The oil community fund was created under the Petroleum Industry Act signed into law in 2021 to provide development financing for oil-producing communities through Host Community Development Trusts. Under the existing law, oil and gas companies are required to contribute three per cent of their actual operating expenditure to support projects and programmes within host communities.
However, leaders of oil-producing communities have consistently argued that the allocation is too small compared to the level of environmental degradation, pollution, loss of livelihoods, and infrastructure challenges associated with oil exploration activities in the Niger Delta region. The agitation for a higher percentage dates back to debates preceding the passage of the Petroleum Industry Act, when many Niger Delta stakeholders demanded at least 10 per cent allocation for host communities.

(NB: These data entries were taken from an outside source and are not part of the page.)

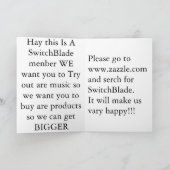 SwitchBlade Dankeskarte (Innenseite)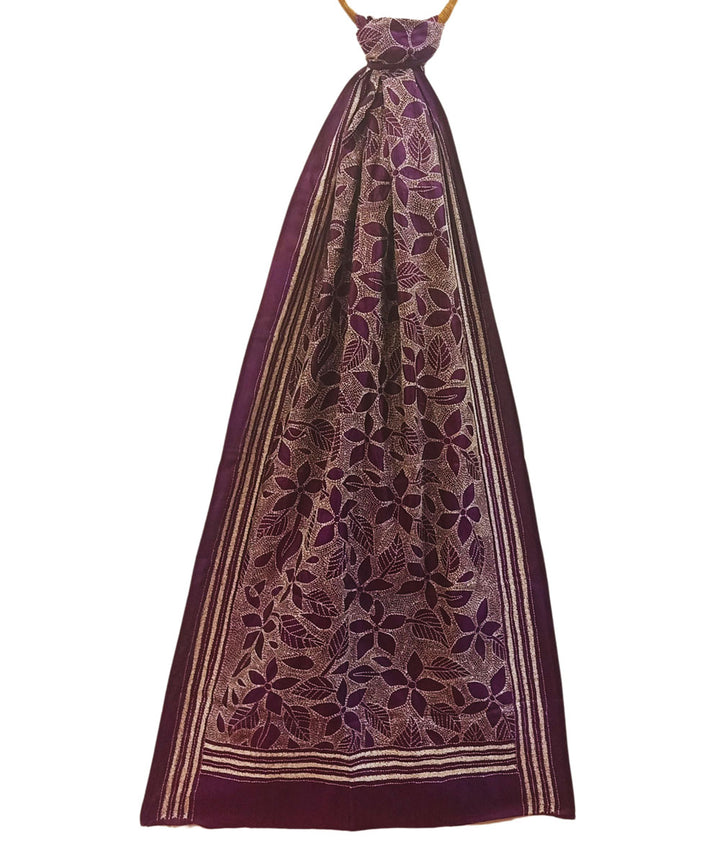 Brown multicolor thread silk kantha stitch handwoven stole
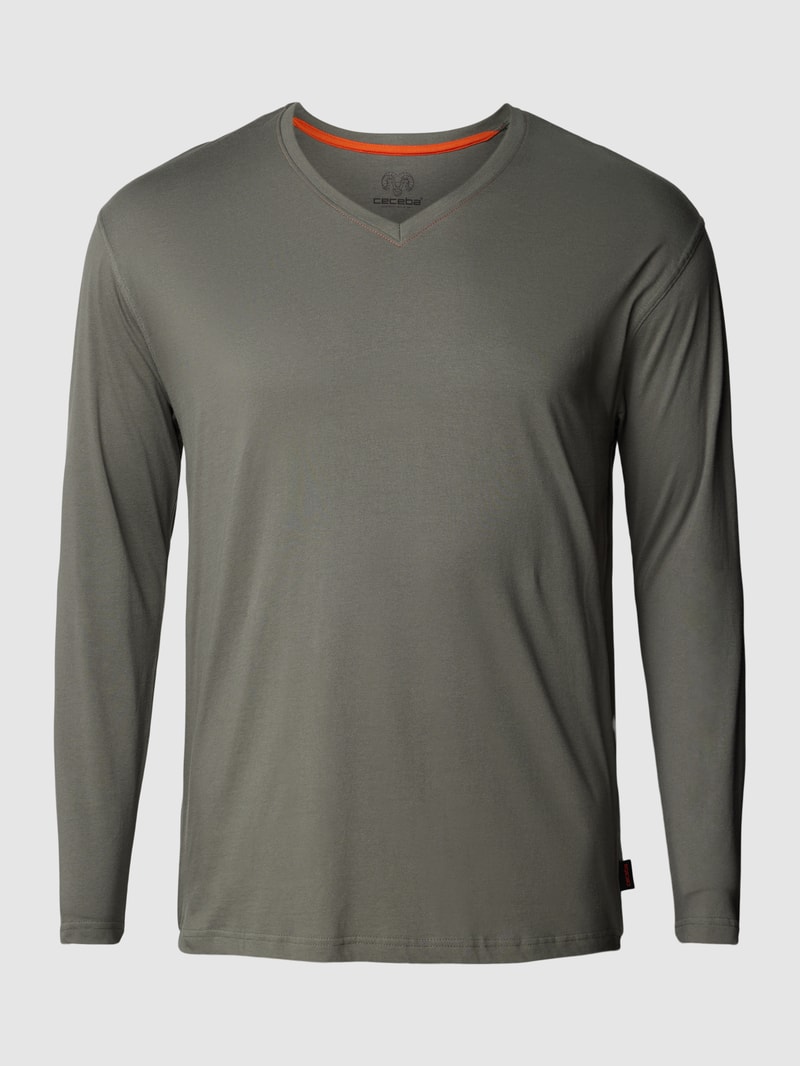 PLUS SIZE Longsleeve mit V-Ausschnitt in dunkelgrau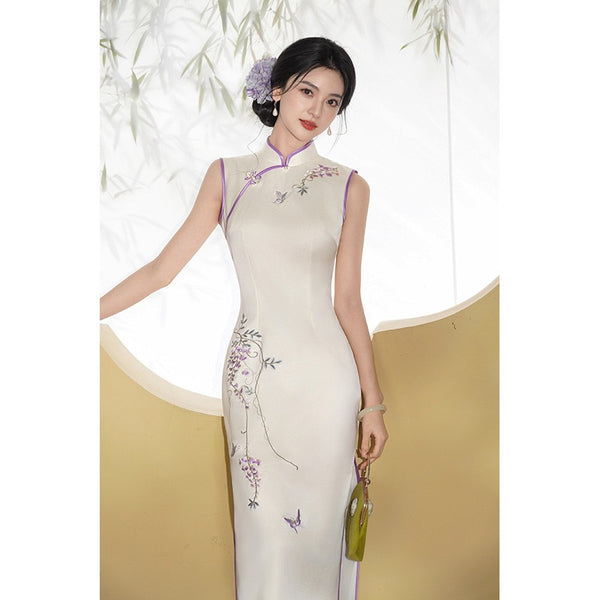 Chinese wedding dress, embroidered Cheongsam, light color summer dress   QipaoMood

During the engagement, HOSTCOM leaders stated that the current oil community fund framework has not delivered the level of development expected in affected communities.
National President of HOSTCOM, Dr Benjamin Style Tamaranebi, argued that oil-bearing communities continue to suffer from environmental destruction, unemployment, and inadequate infrastructure despite decades of petroleum production. He maintained that increasing the allocation from three per cent to six per cent would provide stronger support for community development projects, youth empowerment programmes, and economic stability in oil-producing areas.
Lawmakers at the House of Representatives also expressed support for reviewing the existing provisions of the Petroleum Industry Act relating to the oil community fund. Chairman of the House Committee on Host Communities reportedly assured stakeholders that the National Assembly would consider the concerns raised by oil-producing communities during legislative deliberations on possible amendments to the law.
Community representatives further argued that oil-producing areas remain central to Nigeria’s economy and deserve improved financial participation in petroleum revenues generated from their lands. The discussions also highlighted concerns over delays in project implementation, management disputes within some Host Community Development Trusts, and complaints about inadequate transparency in fund administration.
The proposed increase in the oil community fund could significantly affect development financing in the Niger Delta if approved by the National Assembly.
Stakeholders believe higher allocations may improve infrastructure delivery, environmental remediation efforts, healthcare access, and economic opportunities within oil-producing communities. The proposal also reflects broader debates surrounding resource control, community inclusion, and equitable distribution of benefits from Nigeria’s petroleum sector.